А такие простушки, как я, нужны были только для правдоподобия – чтобы не перепутать имен, адресов и т. п.

И все же я не верила, что девушек посадят. За что?

Не верила, но сознавала, что попала в западню. Надо было как-то избавиться от Мурашкина, коль скоро у меня не хватило ума сразу придумать что-нибудь исключающее встречи с ним. Но как избавиться? Спасти меня могло только одно – разрыв с Е. Но с Е. я училась еще в первой своей школе у Покровских ворот. А в институте с ней подружилась. И теперь, когда она была в страшной беде, оставить ее, разругаться с ней казалось мне невозможным. Ведь когда арестовали мачеху Е. и увезли куда-то ее младшую сестру и братика, ей стало страшно одной, и она просила меня хоть иногда ночевать с ней в пустой квартире с опечатанными тремя комнатами. Вместе с Е., убираясь, мы обнаружили в сундуках на кухне горы белых сухарей, вернее, горы сушеного белого хлеба, который в начале 30-х был только в спецпайках. Еще одна примета того безумного времени: жена видного чиновника в ранге министра сушила сухари.

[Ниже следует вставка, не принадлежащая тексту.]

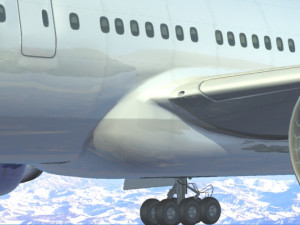 b777-200lr delta 3D 모델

Нет, не могла я разругаться с Е. и в то же время понимала, что энкавэдэшная петля стягивается не только на ее, но и на моей шее все туже и туже.

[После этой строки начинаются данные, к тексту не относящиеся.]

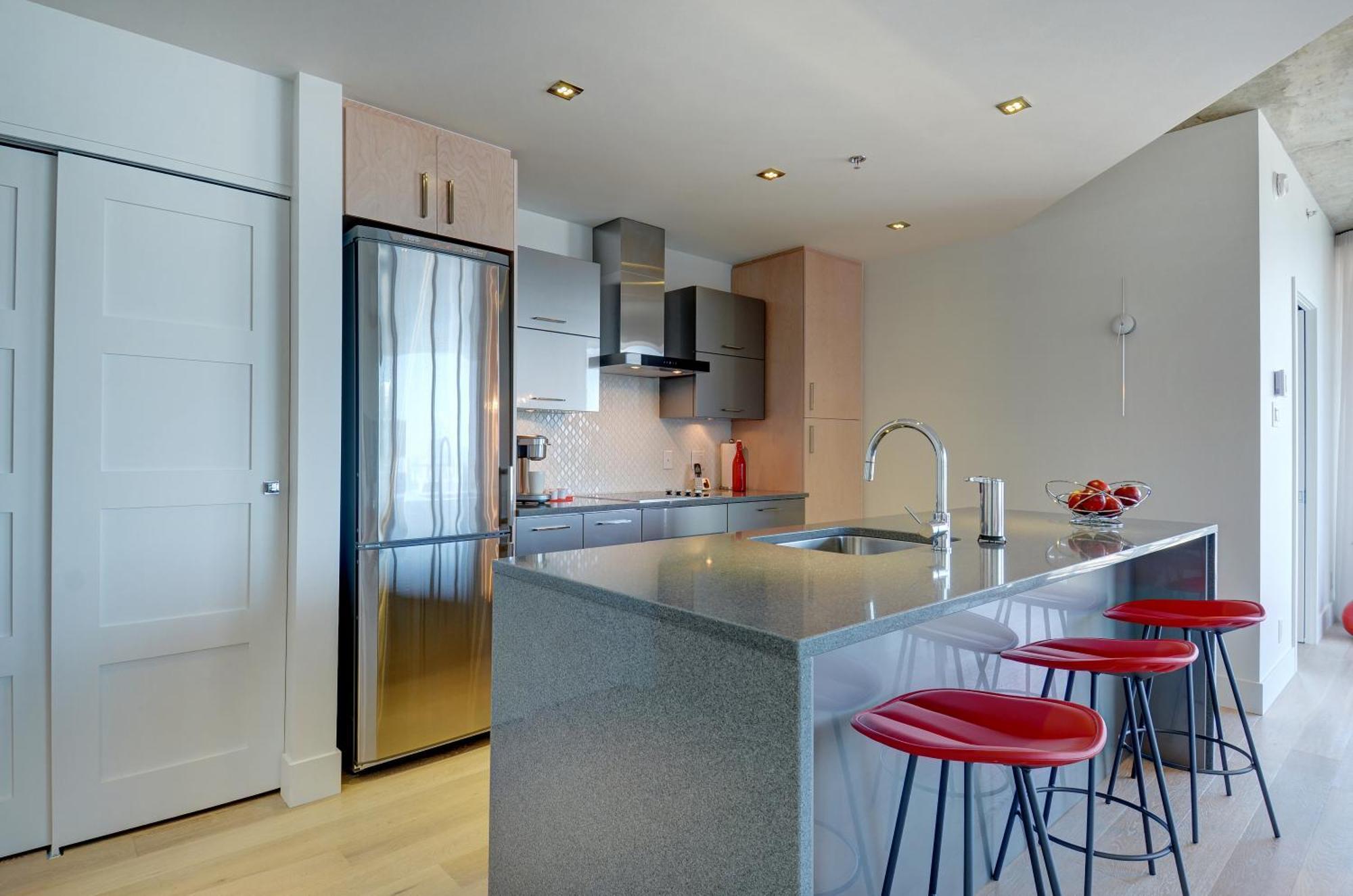 Апартаменты Les Immeubles Charlevoix - Le 760-612 Квебек Номер фото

В окружении Е. с каждым днем прибавлялось дочерей и сыновей врагов народа. Среди них был белобрысый латыш Игорь Петерсон, сын коменданта Кремля при Ленине. Еще Курс, старый поклонник Е., студент истфака из семьи опального партийца54. Никогда прежде я о них не слышала. Несчастья сплачивают. В первую голову это касалось Е. Она никогда особенно не дружила с X., типичной девицей из Дома правительства, а теперь они сошлись очень тесно. И X., общительная и кастовая, привела в компанию множество себе подобных. Подружилась даже с последней женой Тухачевского, совсем молоденькой женщиной. И мы с Е., открыв рот, внимали рассказам X. о вечерних туалетах Тухачевской. Нам и в голову не приходило, что в СССР ходят на приемы в длинных платьях с голой спиной.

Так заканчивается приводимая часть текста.